### Source material
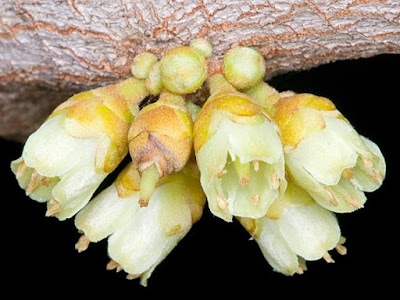 Flowers Pouteria sapota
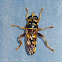 Wasp or wasp mimic fly?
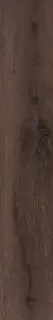 Арсенале коричневый обрезной  |20x119.5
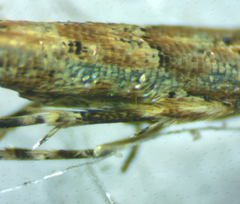 Anatrachyntis rileyi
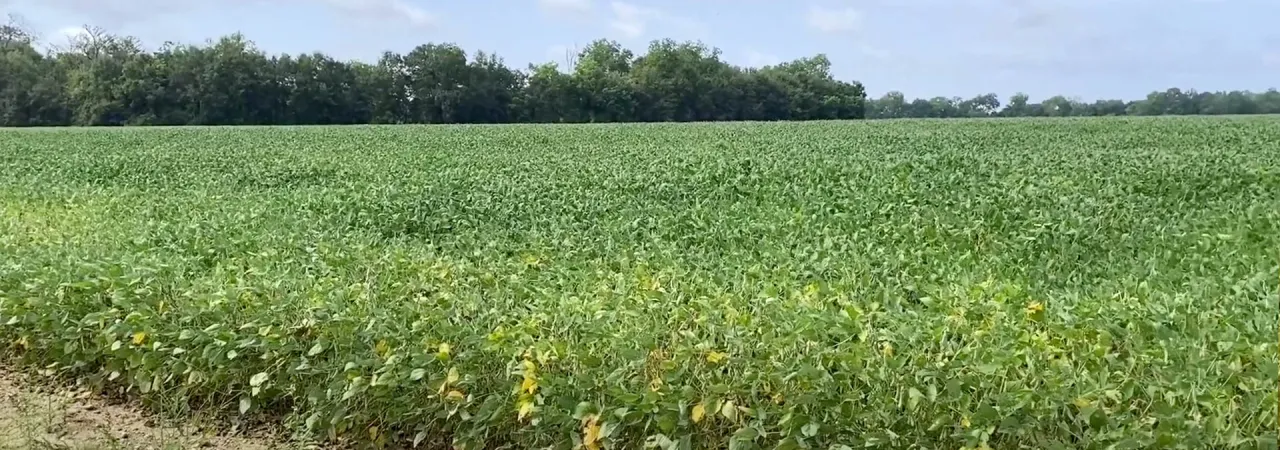 Chickasaw Bayou Battlefield, Vicksburg, Miss.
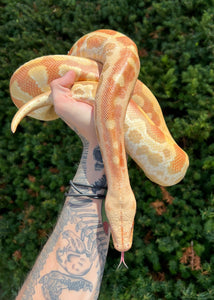 Sub-Adult T+ Albino Blood Python (Female)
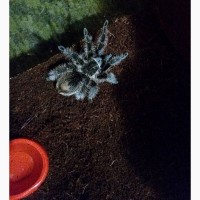 Пушистый паук птицеед Brachypelma Albopilosum самки L7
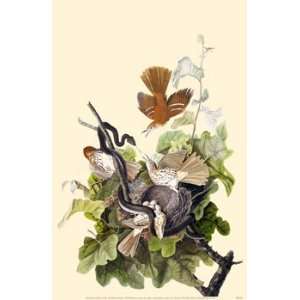  VINTAGE MASTERPRINT POSTER * Audubon Society Brown 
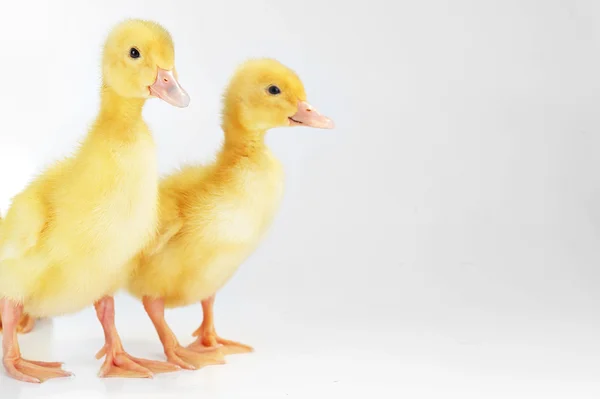 노란 솜 털 ducklings — 스톡 사진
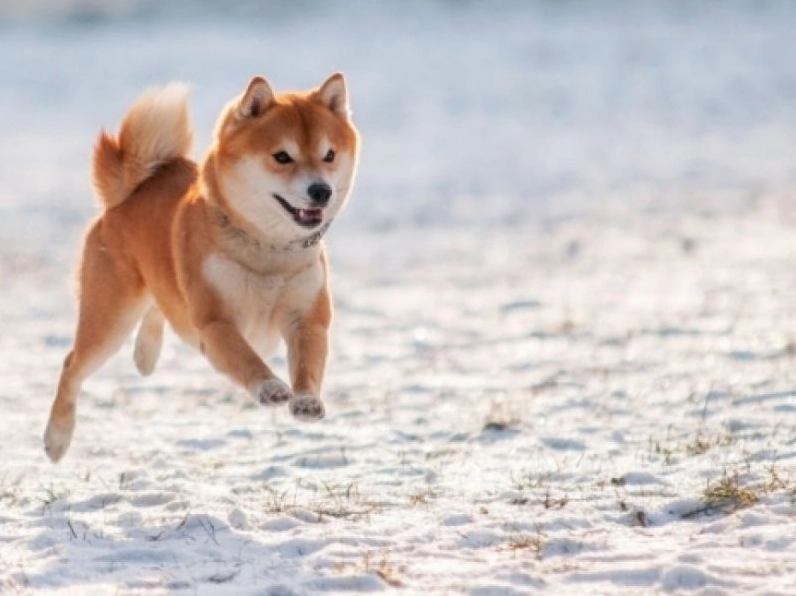 ảnh chó Shiba nhảy trên tuyết vui nhộn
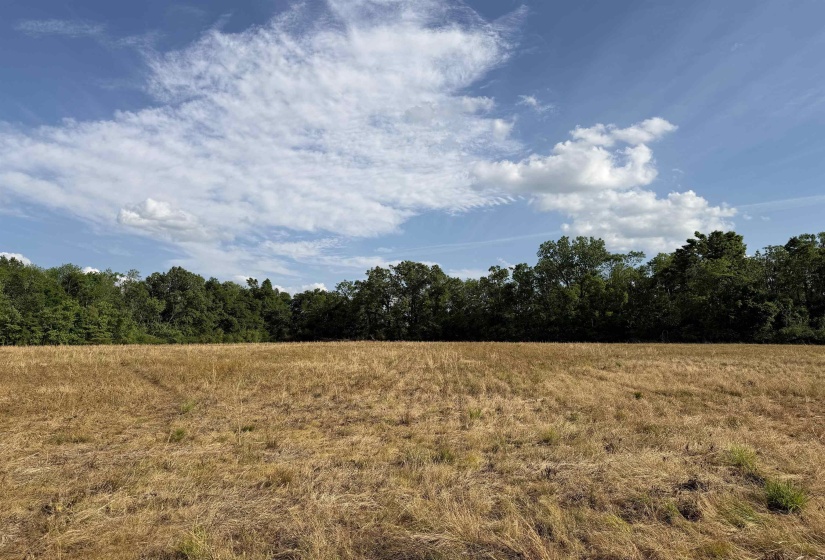 859 CRAVENS RD, Savannah, Tennessee 38372, ,Land,For Sale,CRAVENS,10220517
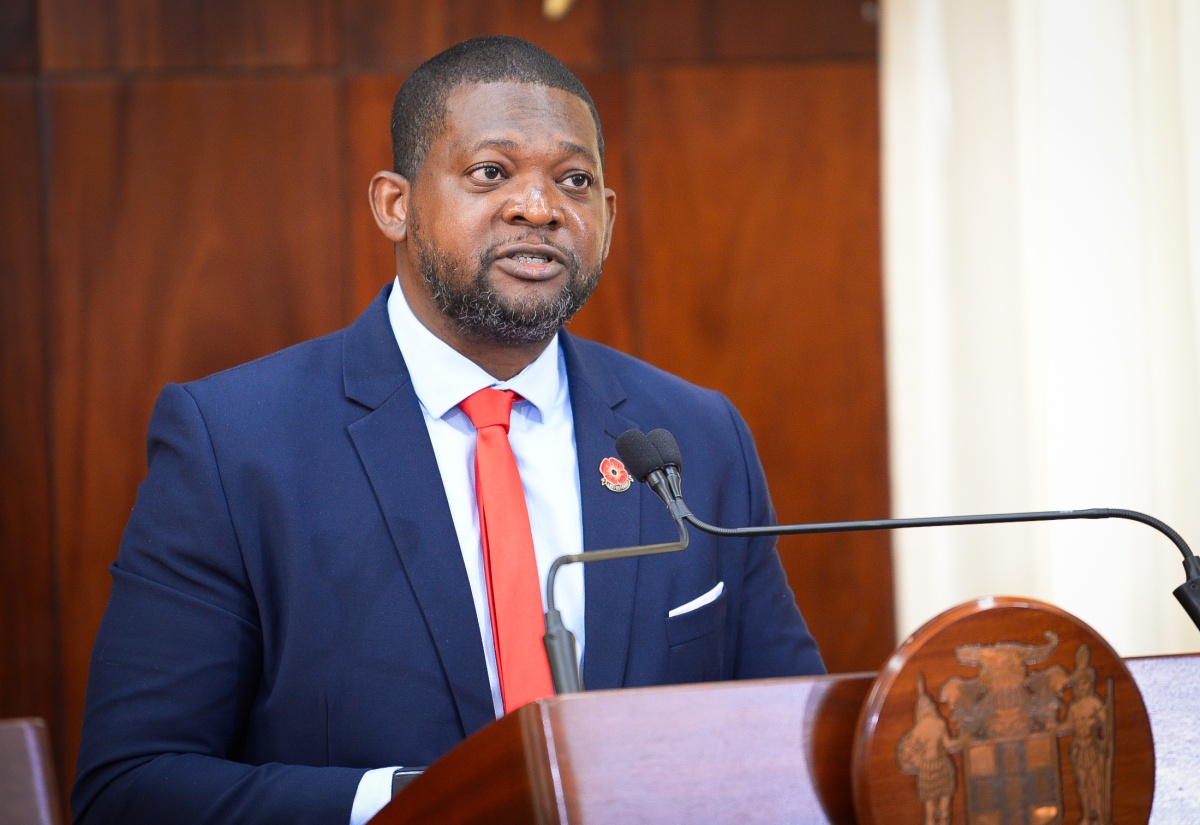 Director General at the Office of Disaster Preparedness and Emergency Management (ODPEM), Commander Alvin Gayle, gives an update on the agency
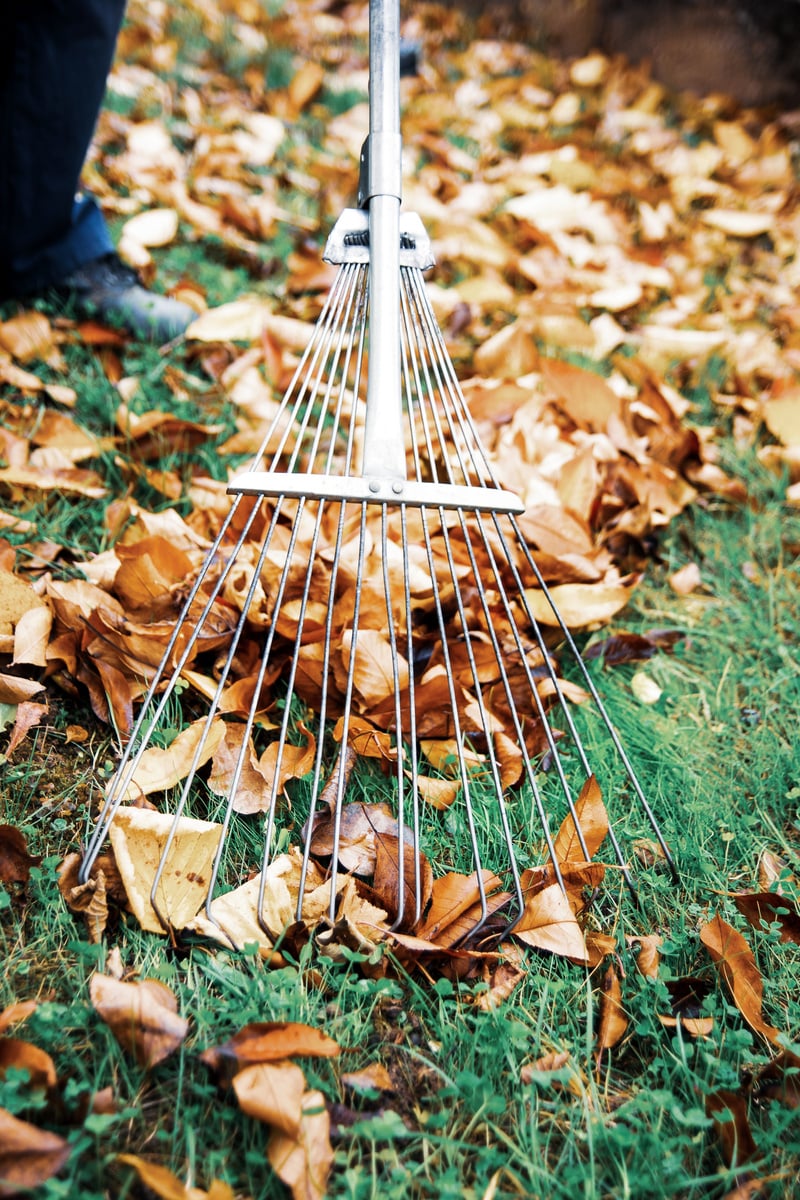 Man collecting fallen leaves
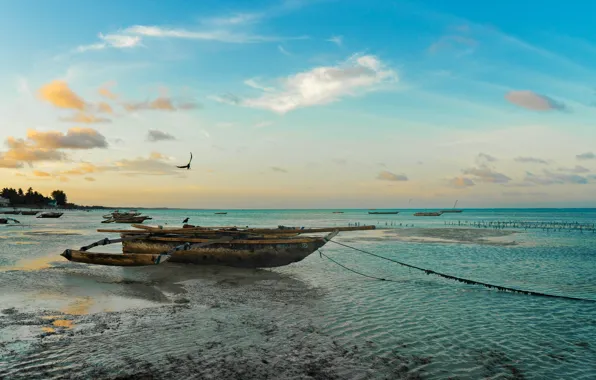 Beach, ocean, sunset, sand, paradise, boat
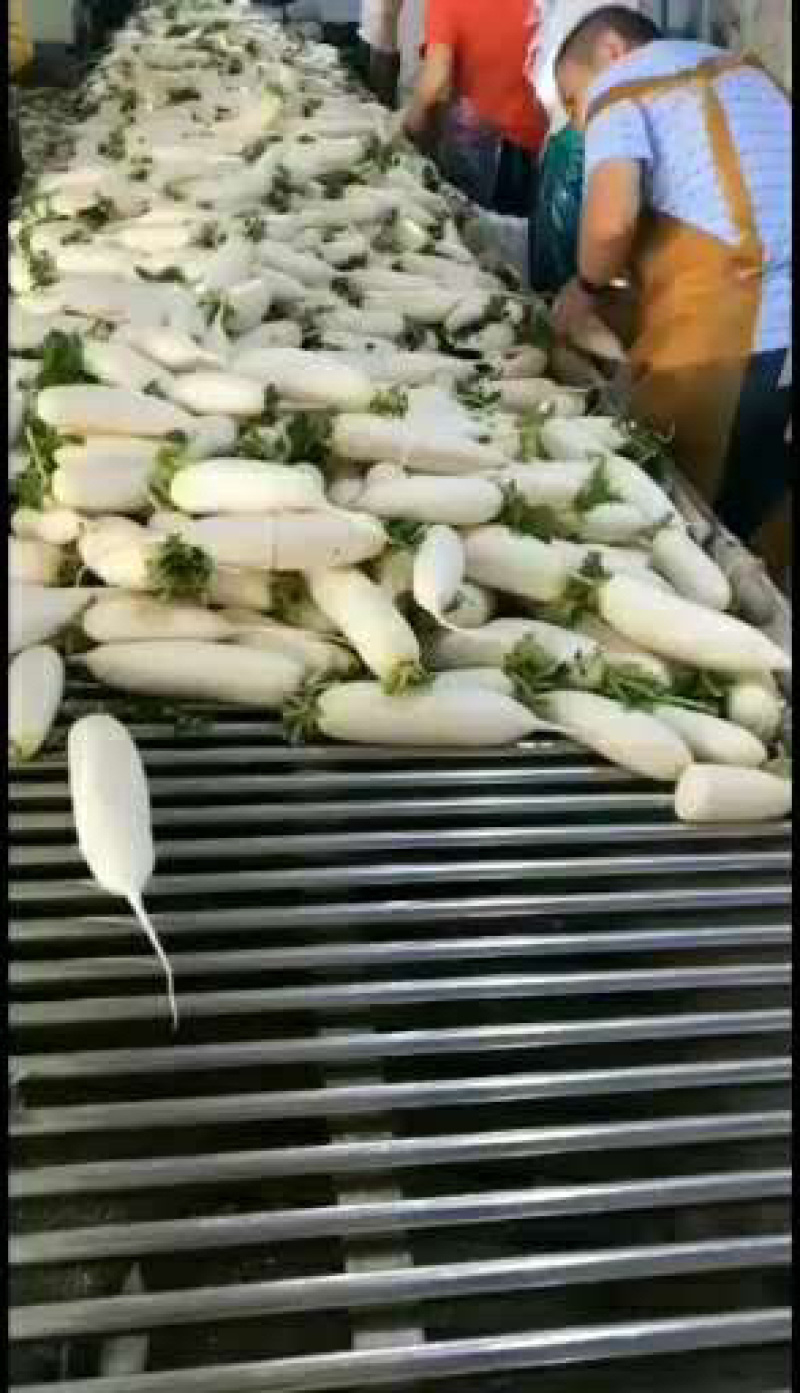 萝卜三四五排大量有货，需要电联
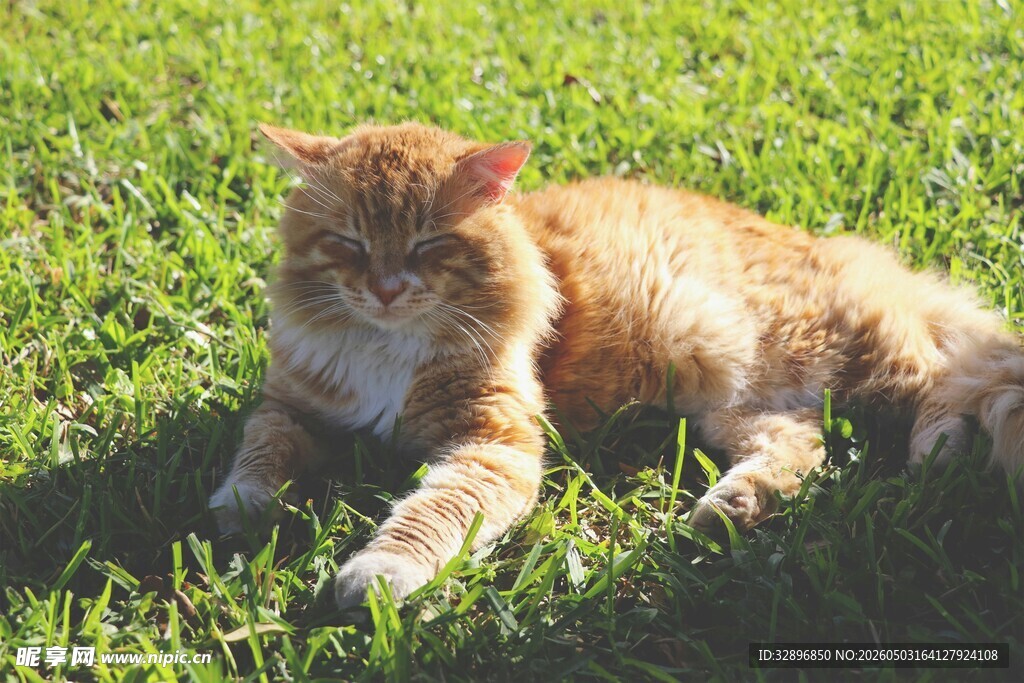 草地上的橘猫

### Exercise description
Print the lines from the one that contains "노란 솜 털 ducklings — 스톡 사진" through the final line of the material above, exactly and only those, with pictures left out.

### Reply
 노란 솜 털 ducklings — 스톡 사진
 ảnh chó Shiba nhảy trên tuyết vui nhộn
 859 CRAVENS RD, Savannah, Tennessee 38372, ,Land,For Sale,CRAVENS,10220517
 Director General at the Office of Disaster Preparedness and Emergency Management (ODPEM), Commander Alvin Gayle, gives an update on the agency
 Man collecting fallen leaves
 Beach, ocean, sunset, sand, paradise, boat
 萝卜三四五排大量有货，需要电联
 草地上的橘猫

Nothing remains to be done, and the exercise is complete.